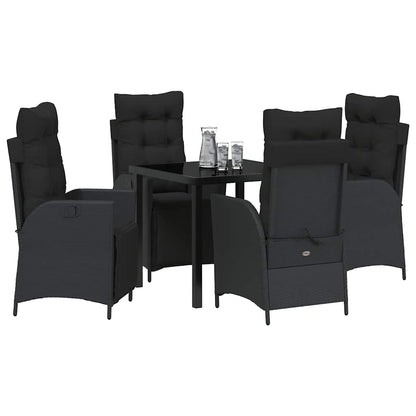 Garten Essgruppe 5 pcs Schwarz Poly Rattan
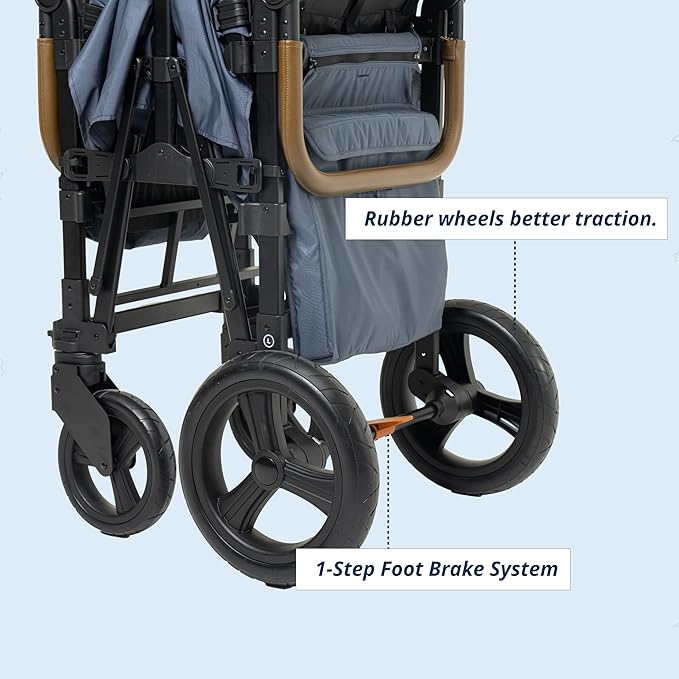 Keenz XC EVO - Luxury 2 Passenger Stroller Wagon for Kids | Foldable 2 Passenger Quad Seater with Adjustable Canopy | Steel Blue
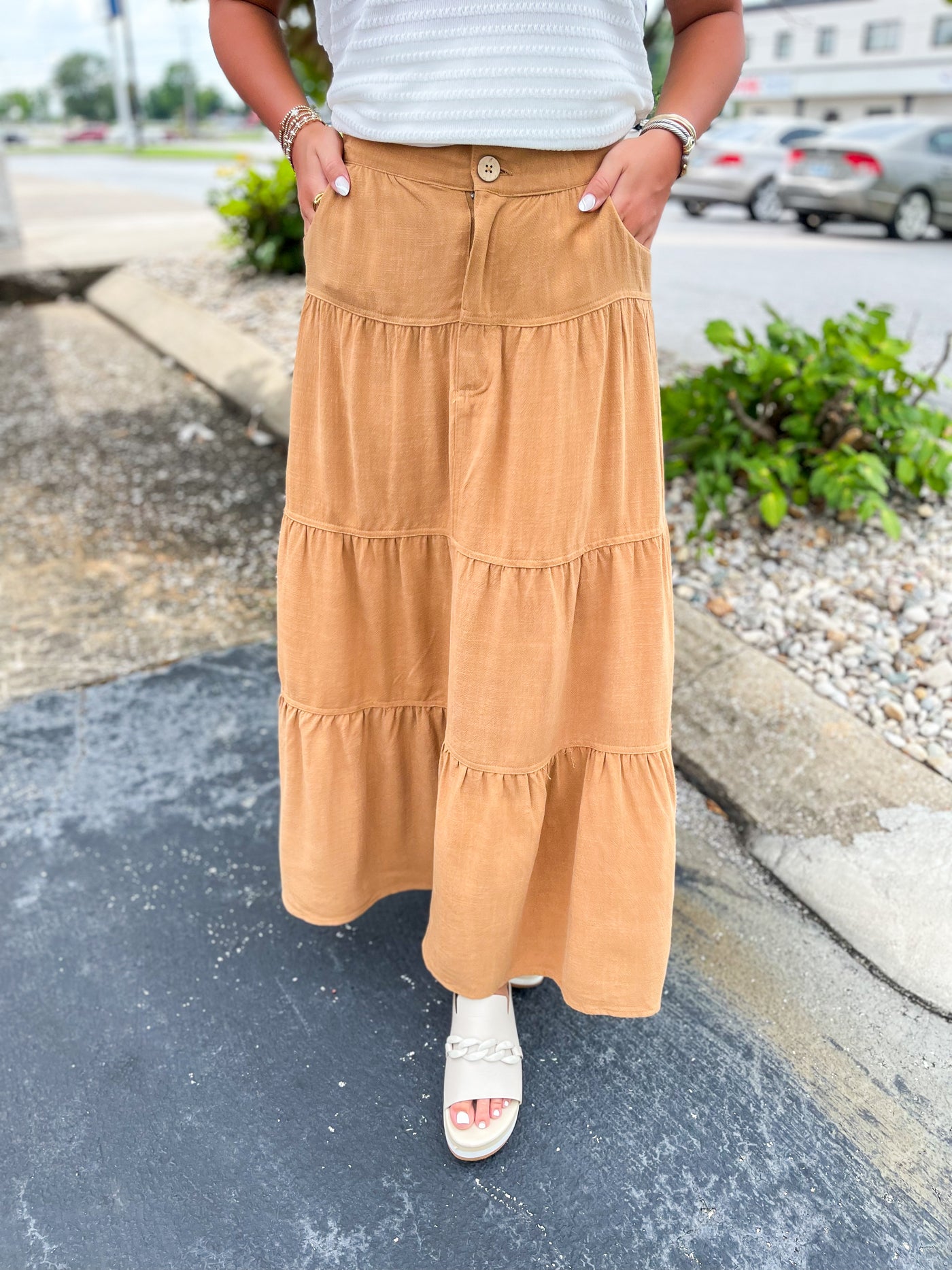 Camel Linen Zoe Skirt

= = = = = = =

**Exercise details:** Leave out the pictures. Transcribe the rest of the listing above exactly.

**Solution for this exercise:**
 Garten Essgruppe 5 pcs Schwarz Poly Rattan
 Keenz XC EVO - Luxury 2 Passenger Stroller Wagon for Kids | Foldable 2 Passenger Quad Seater with Adjustable Canopy | Steel Blue
 Camel Linen Zoe Skirt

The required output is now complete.